Однако во время ужина Леонора с усмешкой заметила, что Раймунд совершил роковую ошибку. Если София хоть и вежливо, но односложно отвечала на заигрывания Матьё де Меренге, Женевьева вовсе не удостаивала графа внимания. Одна из девушек нервно двигала еду по тарелке и чувствовала себя заметно неуютно на открытом для всеобщего обозрения месте за столом, другая крутила носом при виде лучших кусков мяса, которые граф подкладывал ей, и в конце концов попросила слугу принести ей тарелку каши и воды. Она стала уплетать скудную пищу, подвергая при этом брата тщательному допросу.
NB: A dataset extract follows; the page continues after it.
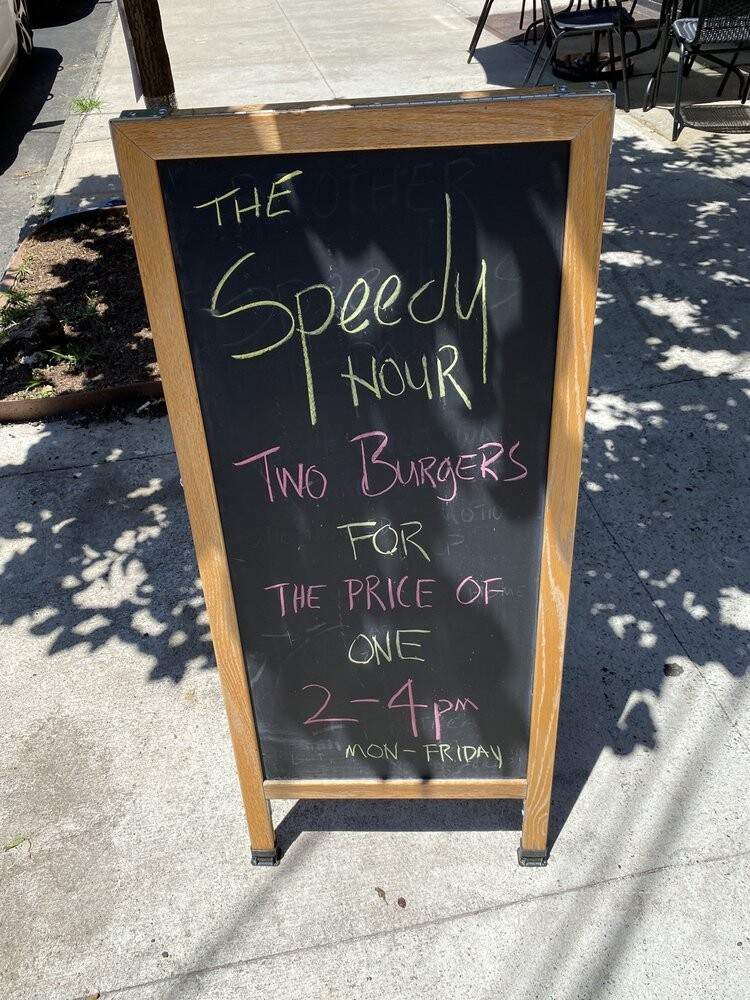 Speedy's Burgers & Bowls - Jersey City, NJ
— Ты все еще не принимал участия в рыцарских упражнениях? Почему? В чем же ты преуспел? В состязании в игре на лютне? Ты сочинял стихи? Фламберт, это полный вздор, это…
Похоже, Фламберту де Монтальбану также не лез кусок в горло. Причем до появления сестры он с большим удовольствием налегал на еду и занимал сидящую рядом даму подобающим учтивым разговором. Графиня решила вмешаться.
— Это то, чему учат юных рыцарей при этом дворе, Женевьева, — строго произнесла она. — Учтивое поведение, вежливые манеры, искусство развлекать даму. Я не хочу сказать, что это имеет такую же ценность, как и умение владеть мечом. Но ты также научишься это ценить, когда однажды тебя выдадут замуж за воспитанного подобающим образом рыцаря, а не за неотесанного грубияна!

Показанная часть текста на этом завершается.